8. A coxa de Vata (Benfica 1-0 Marselha) – Diz quem lá esteve que não eram 120 mil nas bancadas de pedra da Luz: eram seis ou 14 milhões, tantos quantos benfiquistas há no mundo. A Catedral estremecia de ansiedade, o 1-2 da bagagem era tão fácil contrariar. A sete minutos do fim, Vata responde a um canto de Valdo e a um desvio de Magnusson com a “mãoxa”, com a “comão”, com todas as partes do corpo que tinha à disposição; o importante era ela entrar lá dentro e adormecer nas redes. O angolano sabia, melhor que ninguém, o quão necessário para a felicidade de uma nação seria aquele golo. Foi o vulcão em erupção de onde brotaram choros e gritos de alegria até ao Prater, palco da final.

9. Com licença, campeão europeu (Liverpool 0-2 Benfica) – O Benfica chegou a Anfield com a margem mínima, apoiada numa “tolada” de Luisão em Lisboa e que se previa muito curta para aquela noite gélida em Liverpool. Dono da Europa, campeão em título depois do épico 3-3 com o AC Milan, Gerrard e Morientes tropeçaram numa equipa bem preparada por Ronald Koeman. Simão, num movimento característico, puxa para dentro e remata em arco: 1-0 a fechar a primeira parte, que deu novo fôlego aos encarnados para aguentar a enxurrada ofensiva do segundo tempo. Num lance fortuito de contra-ataque, Simão começa e Micolli acaba, numa recepção adocicada a passe salgado de Beto, finalizando acrobaticamente para o 2-0. Pedro Sousa, num relato mítico aos microfones da Rádio Renascença, tirava o seu «chapéu de côco».
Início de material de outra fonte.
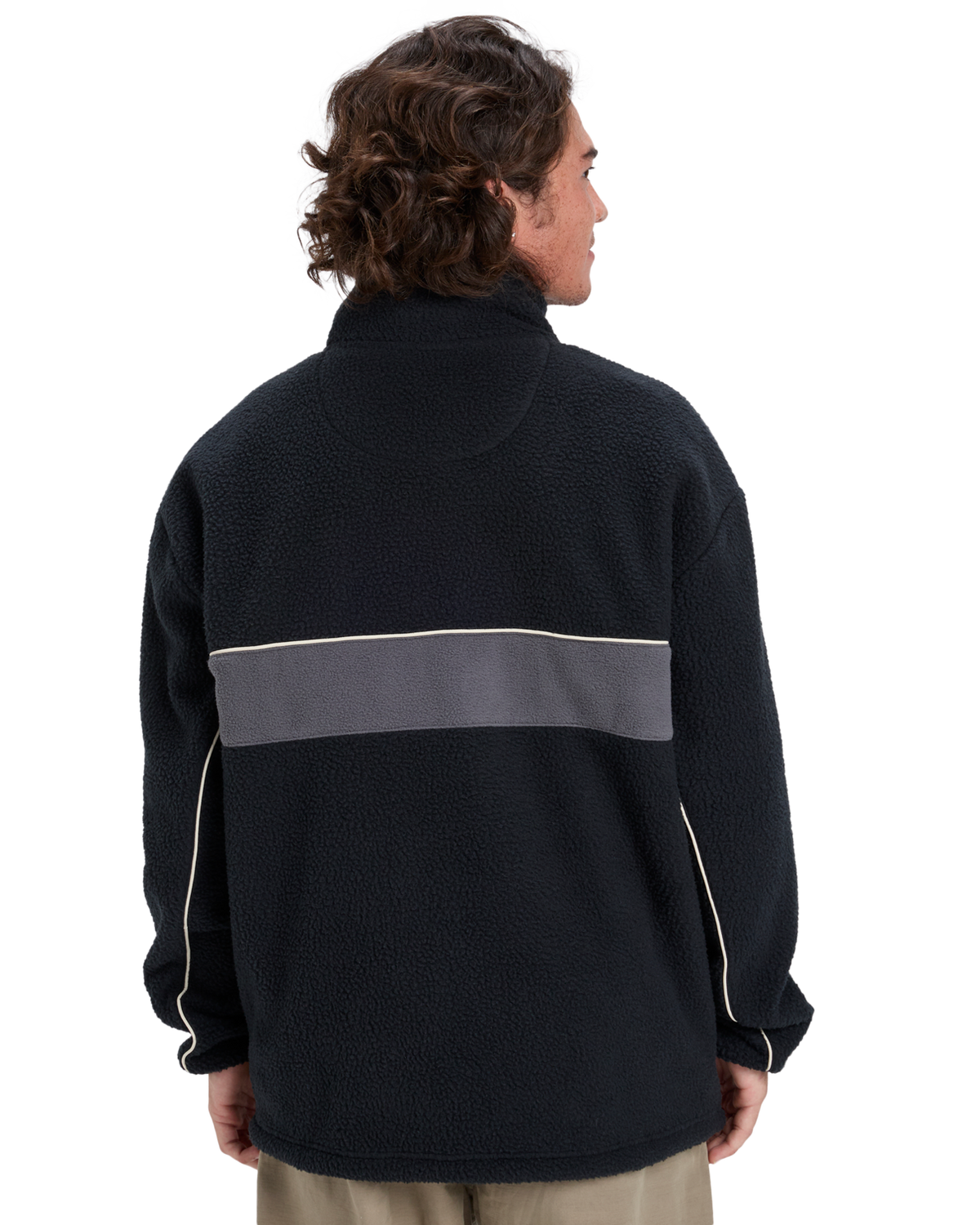 The Quiksilver Mens Omni Sherpa Fleece Jacket in Black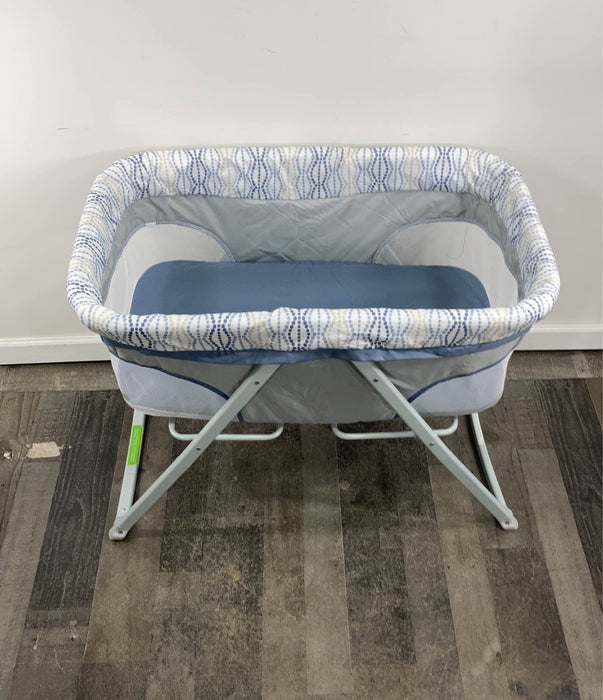 secondhand Ingenuity Foldaway Rocking Bassinet, Fletcher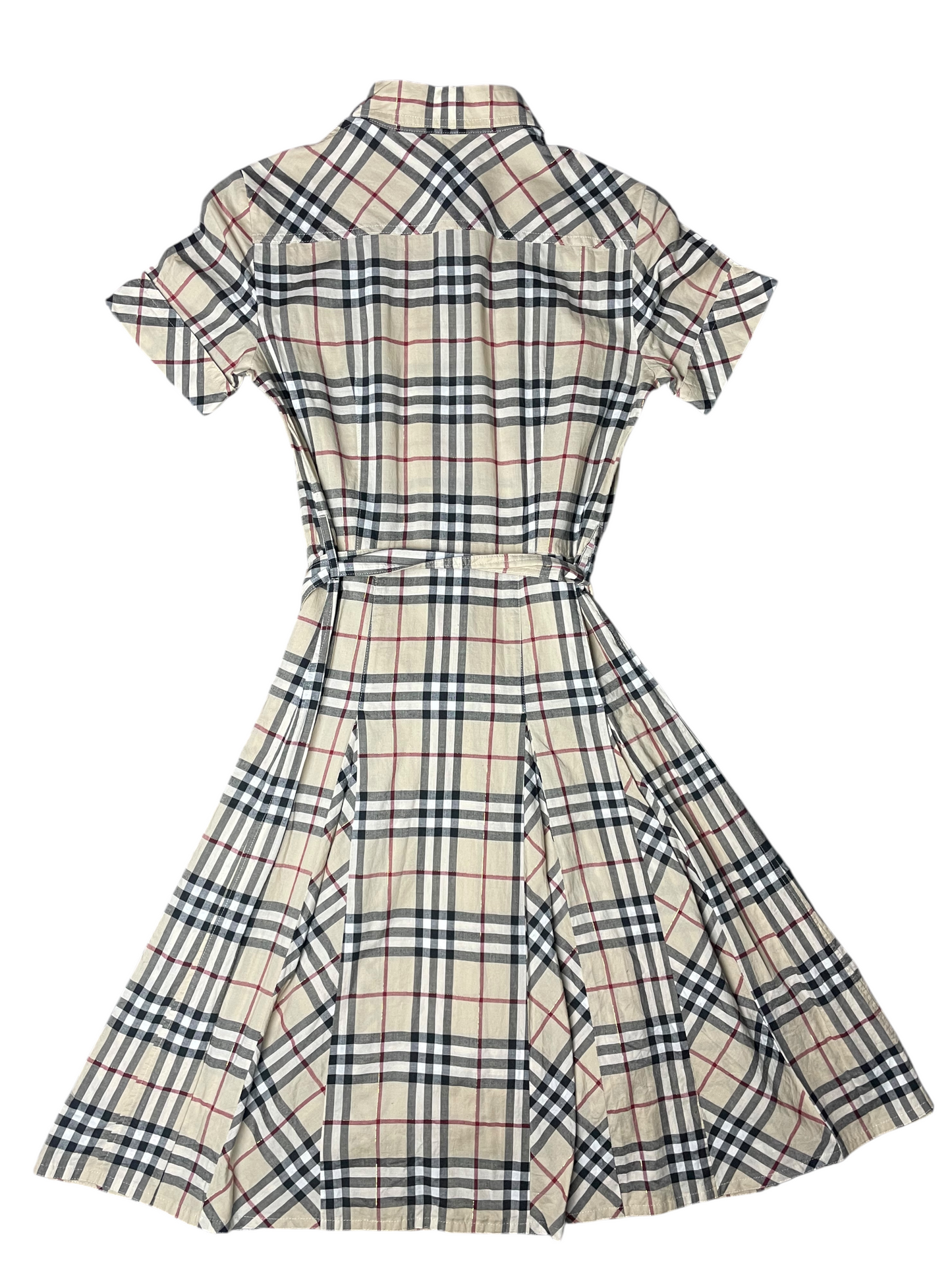 Burberry London Belted Dress Women's Size UK 6
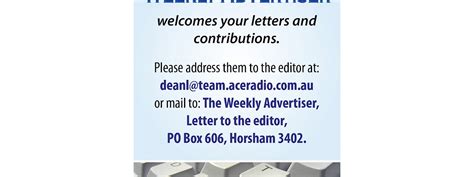 Letter Avoidable Tragedy The Weekly Advertiser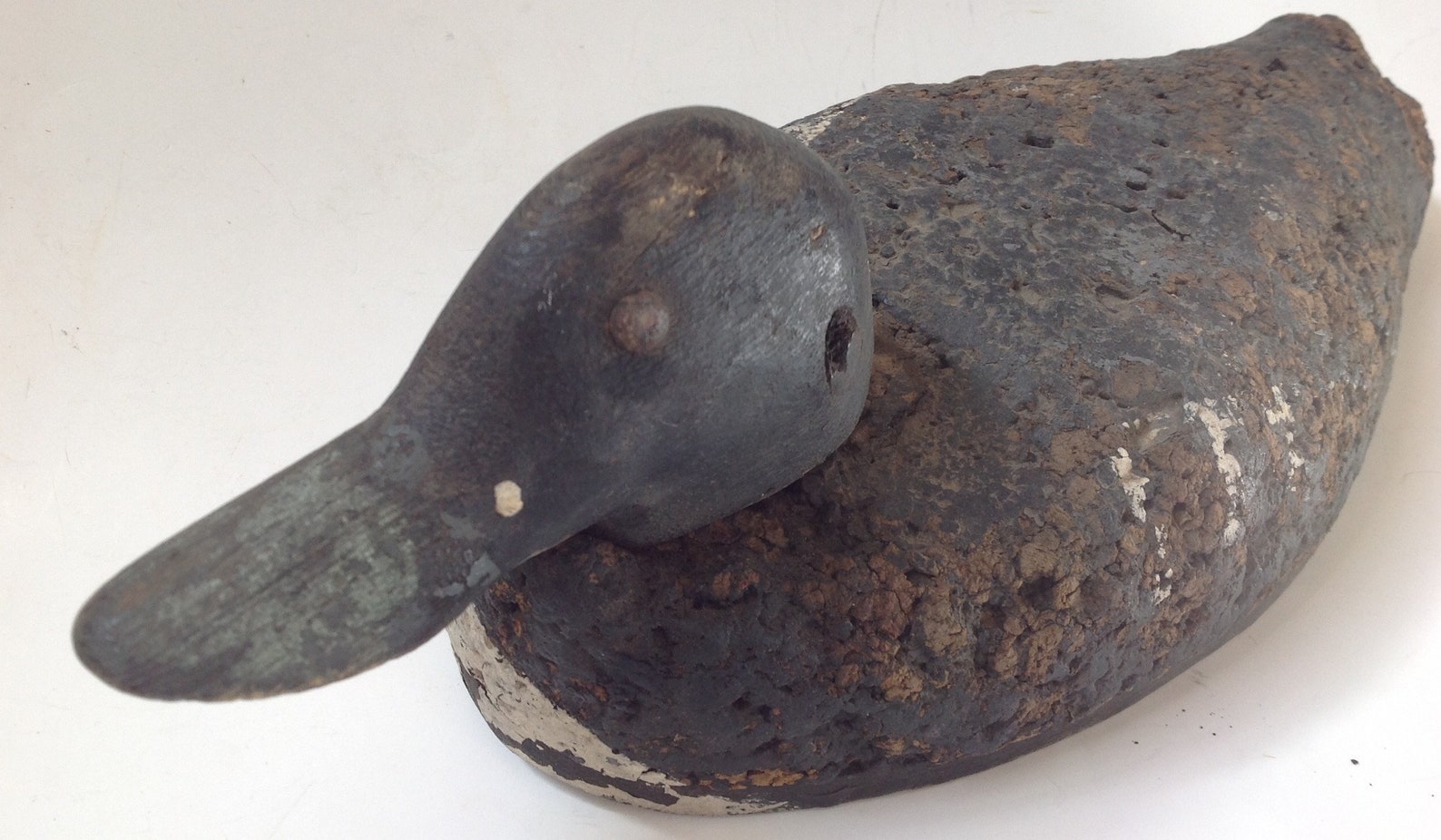 Vintage 1940 Cork and Wood Working Duck Decoy Etsy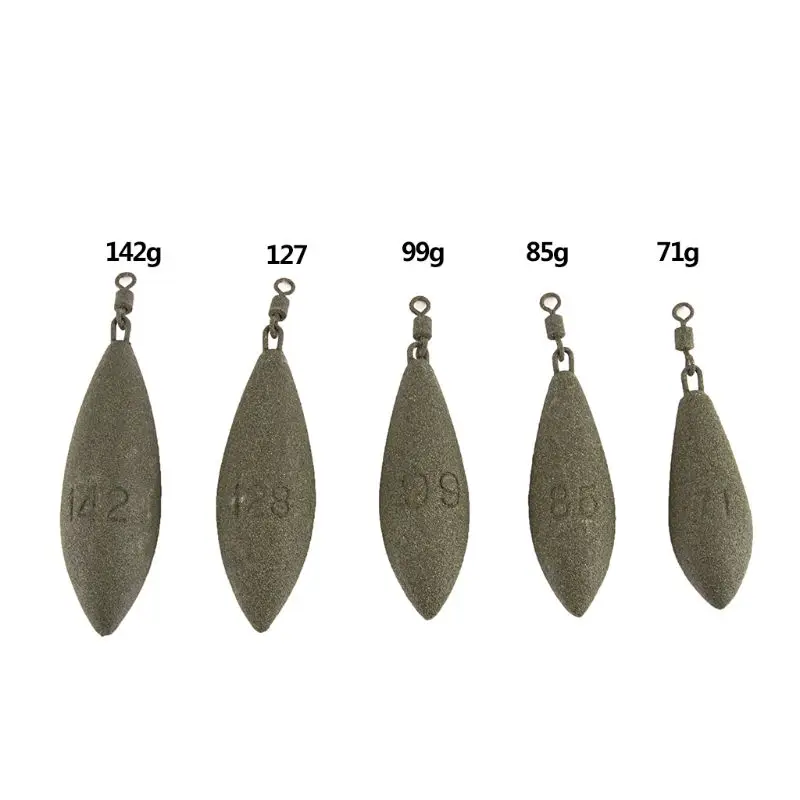 

Fishing Sinker Lead Weight Oval Shape Weights Swivel Tackle Carp Leads Accessories 71g/85g/99g/127g/142g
10. O cerco de Turim (Juventus 0-0 Benfica) – Naquela noite, jogava tudo a favor da Juventus: desvantagem minúscula, jogo em casa e a final no mesmo sítio. Bastaria atropelar aquele Benfica para pôr uma mão no troféu – a outra encarregava-se de despachar Sevilha ou Valência, igualmente insignificantes aos olhos da comitiva italiana, recheada de craques mundiais, que um ano depois marcariam presença na final da Champions. Andrea Pirlo, à La Gazetta Dello Sport, desprezava as hipóteses encarnadas: «lamento muito por eles». Jorge Jesus ouviu, Oblak também; piscaram os olhos em cumplicidade e enquanto um (qual maestro) guiou a equipa a uma exibição colossal numa valorosa lição táctica, o outro foi defendendo remates em catadupa, com a tranquilidade e confiança de um Pirlo, que pensava já estar na final."